U.S. Securities and Exchange Commission (SEC) Chair Paul Atkins said on Tuesday, August 19, 2025, that only a small percentage of crypto tokens should be considered securities, marking a sharp departure from the agency’s previous position.
Speaking at the Wyoming Blockchain Symposium, Atkins explained:
“From the SEC’s perspective, we will plow forward on this idea that just the token itself is not necessarily a security. Very few, in my mind, tokens are securities — but it depends on the package around it and how it’s being sold.”
This stance contrasts with former SEC Chair Gary Gensler, who repeatedly argued that the “vast majority” of crypto assets fell under securities law via the Howey test. Gensler resigned in January 2025, with Mark Uyeda serving as Acting Chair before Atkins’ appointment.
📜 Legislative Backdrop
Atkins’ comments come as Congress works to set clearer digital asset rules. In July, the House passed the Digital Asset Market Clarity (CLARITY) Act, which establishes a regulatory framework for U.S. crypto markets.
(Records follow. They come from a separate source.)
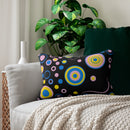 Cutey Pastel Black Spun Polyester Lumbar Pillow-5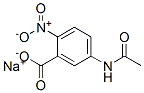 5-アセチルアミノ-2-ニトロ安息香酸ナトリウム 化学構造式
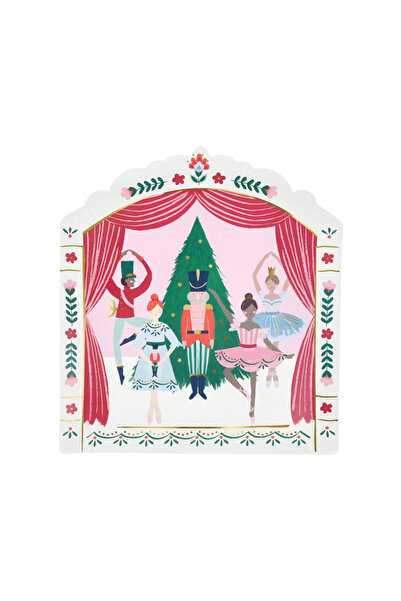 Meri Meri - Nutcracker Tabaklar - 8 Adet
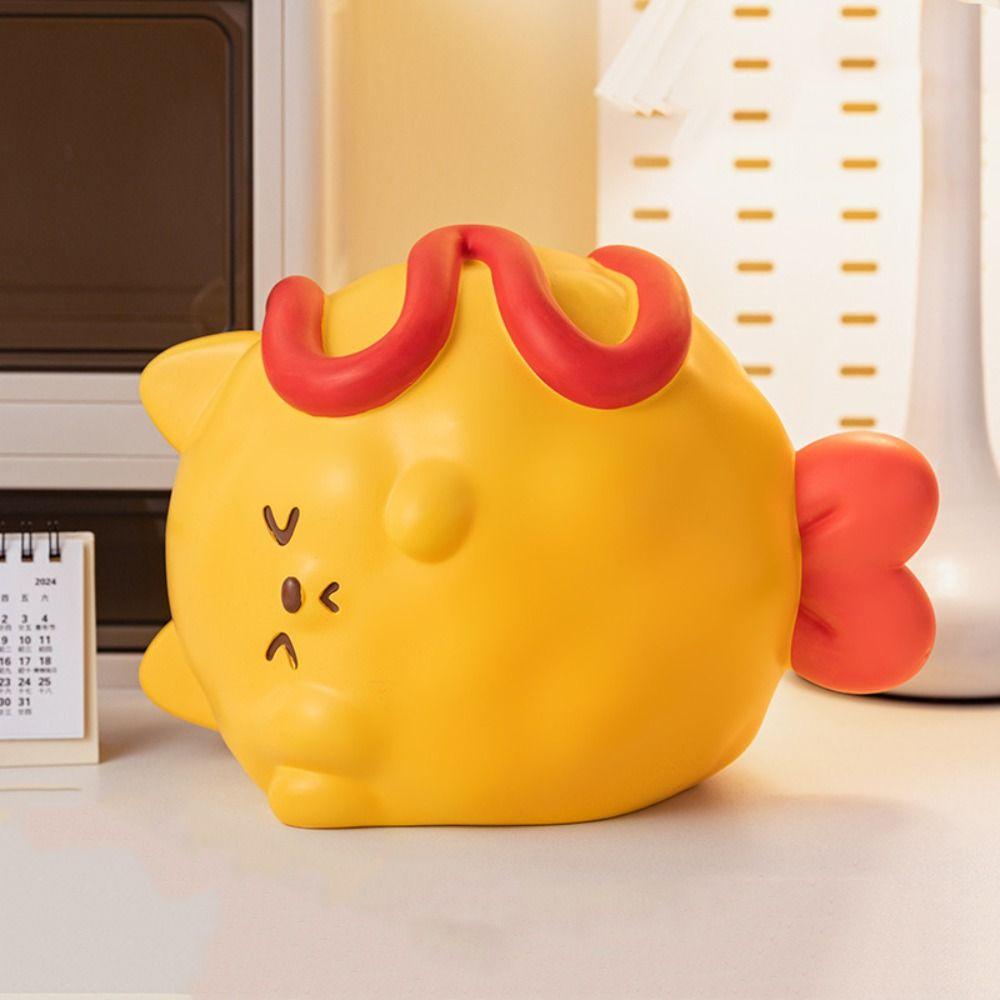 Resistant Fall Cartoon Dog Money Box Vinyl Saving Box Animal Figurines Money Boxes  Children Use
Senate Banking Committee Chair Tim Scott recently noted that as many as 18 Democrats could join Republicans in supporting the bill when the Senate reconvenes on September 2, 2025, suggesting broad bipartisan momentum.
⚖️ Project Crypto Initiative
Atkins also referenced the SEC’s Project Crypto, which aims to craft guidelines for blockchain-based trading platforms while balancing investor protection with innovation.
The new approach indicates a friendlier regulatory climate for crypto, giving businesses and investors greater clarity as the U.S. market continues to evolve.